Removed parts from bags and packing, wiped off the taper ID, with a bit of thinner.
The pin that located the factory stator must be removed.
Installed stator, instructions note and I found that the wire bundle from the stator is a TIGHT fit where it goes under that plate and out towards the grommet at the rear of the cavity.
I pulled back the sheath and checked no wires crossed each other in the critical close to the crankshaft area, slid the sheath back and installed the stator plate.
It fit with close tolerance, no side to side movement, supplied screws with flat washers threaded easily and were of proper length, plenty of threads engaged, they did not bottom. rubber plug at rear cavity partition fit well and trimmed easily to "squishes a bit when fitting cover" depth.
Manual suggests you can use the stock rubber grommet instead if yours is good.
My crankshaft taper was rusty
I cleaned it up with 400 grit and mineral spirits.
I cleaned and chased threads on end of crank.
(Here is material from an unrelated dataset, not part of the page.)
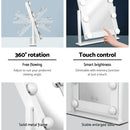 Embellir Makeup Mirror 30x38cm Hollywood Vanity with LED Light Rotation Tabletop-6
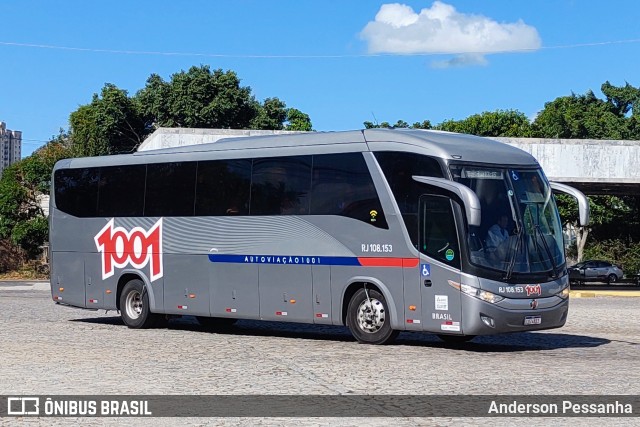 Auto Viação 1001 RJ 108.153 na cidade de Campos dos Goytacazes, Rio de Janeiro, Brasil, por Anderson Pessanha. Número da foto: #12893316.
The new nut (27mm hex, like the oil drain plugs) was a bit "stiff" to thread on. I cleaned and chased threads then it ran on freely. There are two washers supplied use them both
The nut turning freely makes the job easier, setting rotor to match timing mark is a bit fussy. If the nut turns hard the crank will spin, (there's no way to keep it from turning) possibly moving the timing as you tighten.
Note; the new rotor does not have a milled keyway, timing is maintained solely with the taper fit and nut tension. To adjust timing; remove nut, loosen rotor with included puller (it works good) rotate rotor on crank, retighten. I'm thinking about how to making the stator adjustable and adding a set of marks to check idle and advanced timing. But that'll be later.
That was it for tonight.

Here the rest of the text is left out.